1.  Significant Accounting Policies (Continued)

    Inventory
    The total inventory balance is comprised of collectibles and is valued at
    the lower of cost or market on the specific identification basis.

    Property & Equipment
    Property and equipment are stated at cost.  Major replacements and
    betterments are capitalized while maintenance and repairs are expensed as
    incurred.

    Depreciation is provided generally on a straight-line basis over the
    estimated service lives of the respective classes of property.

    Other Assets
    Organization expenses are recorded at cost and are being amortized on a
    straight-line basis over five years.  The expenses represent pre-
    incorporation cost to establish the entity and develop various sales
    venues.

    Net Income (Loss) Per Share
    Net income (loss) per share is computed using the weighted average number
    of common shares outstanding during the respective periods.  Outstanding
    shares of common stock were 1,152,960 and 1,030,000 shares, respectively,
    as of September 30, 1996, and September 30, 1995.

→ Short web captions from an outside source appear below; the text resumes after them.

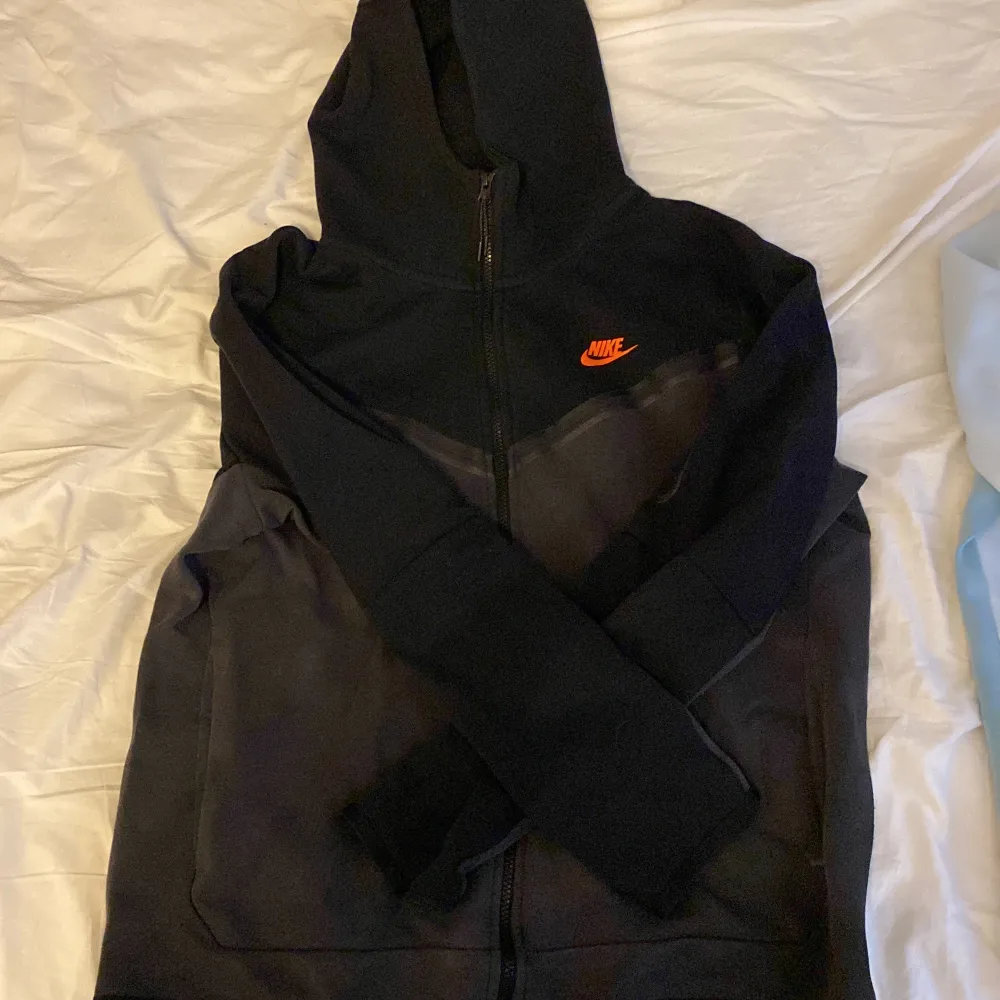 Nike tech fleece i storlek L. Hoodies.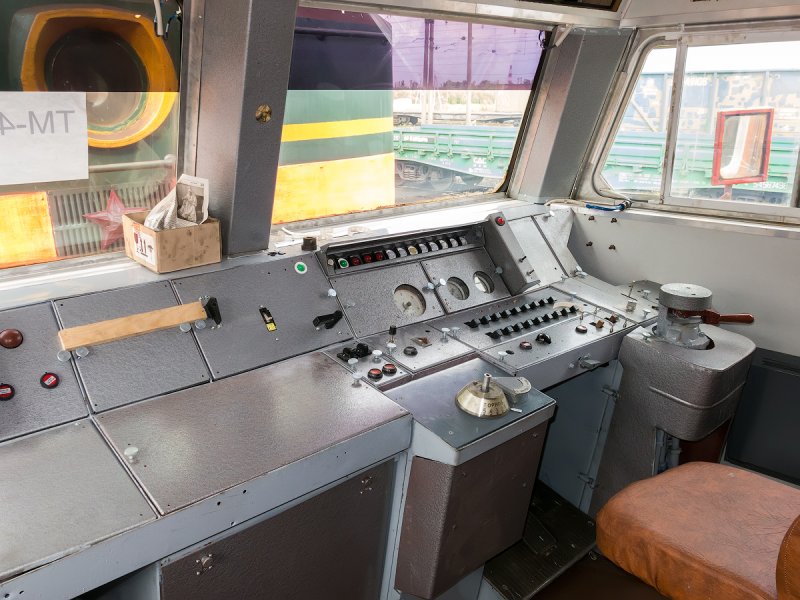 Салон вагона эт2м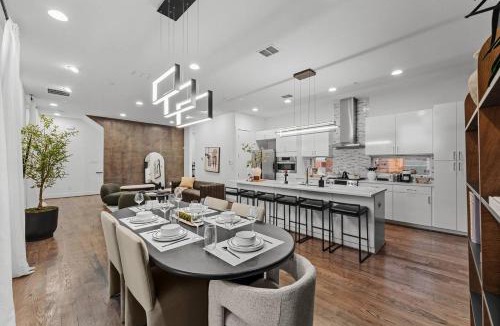 Kessler House | Luxury 3BR Dallas Bishop Arts - Skyline View from Rooftop - Garage - MiniGolf - Firepit - WORLD CUP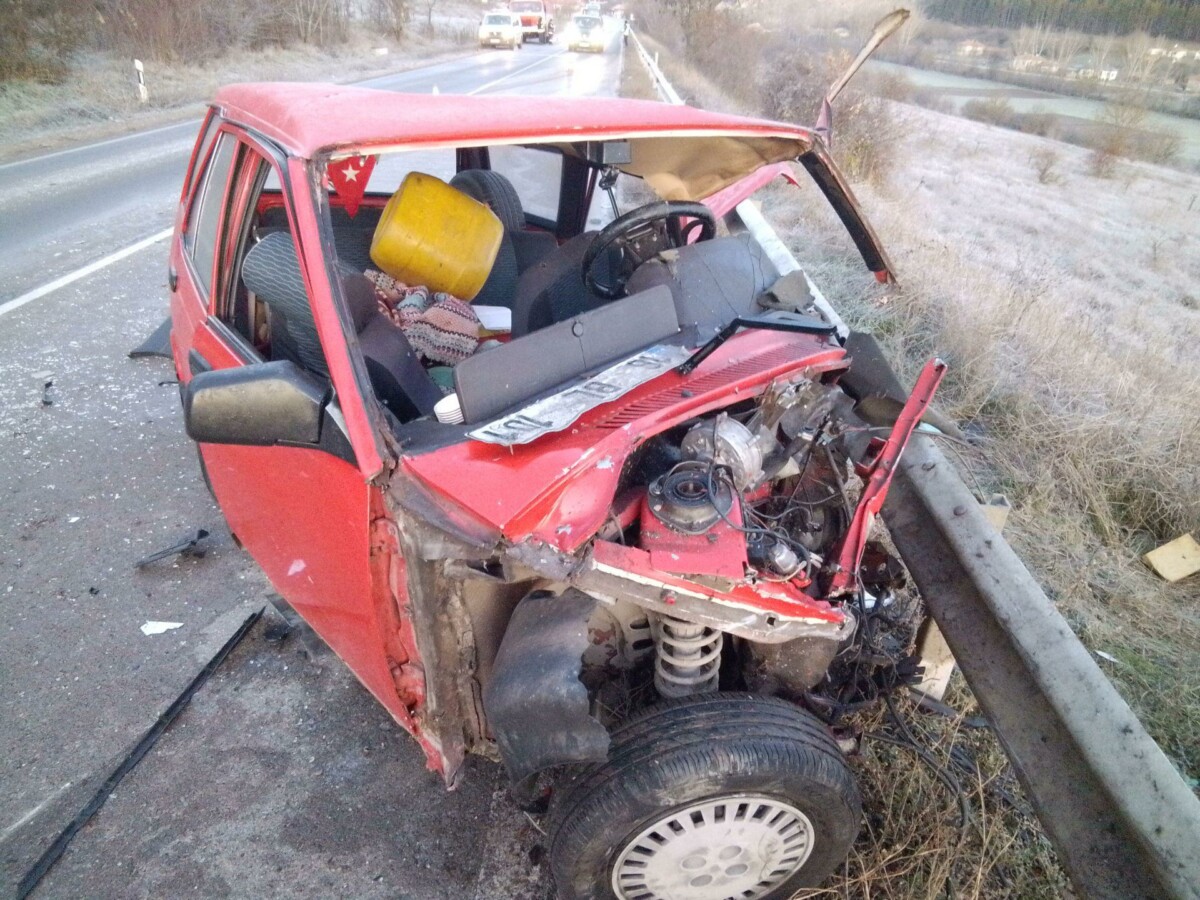 Мъж се бори за живота си след тежка катастрофа на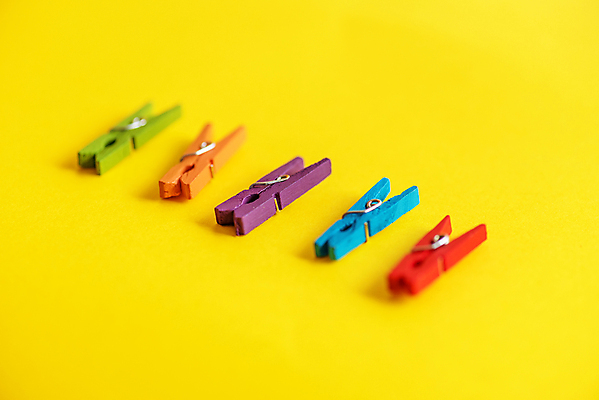 포토 JPG 해외이미지 옷 종이 분홍색 백그라운드 컨셉 가사 아이디어 집게 사람없음 목재 장식 빨간색 초록색 컬러풀 노란색 봄 수확 공구 잡기 그룹 닫기 빨래 빨랫줄 수집 오브젝트 복고 클립 미니 파스텔톤 해외포토 나무 계절 줄 컬러 농업 재료 모션 도구 파일형식 이미지허브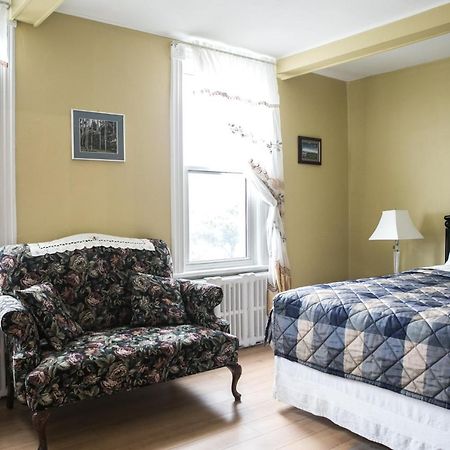 Le 227 Laurier B&B Gatineau Bagian luar foto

2.  Related Party Transactions

    Note Payable - Officer
    The Company has an unsecured, non-interest bearing note payable to an
    officer and shareholder of the Company in the amount of $14,000 at
    September 30, 1996.  The terms of this note provide for repayment of the
    note at the discretion of the Company.

    Purchases
    During the nine months ended September 30, 1996, the Company purchased
    $49,075 of collectibles from certain shareholders of the Company.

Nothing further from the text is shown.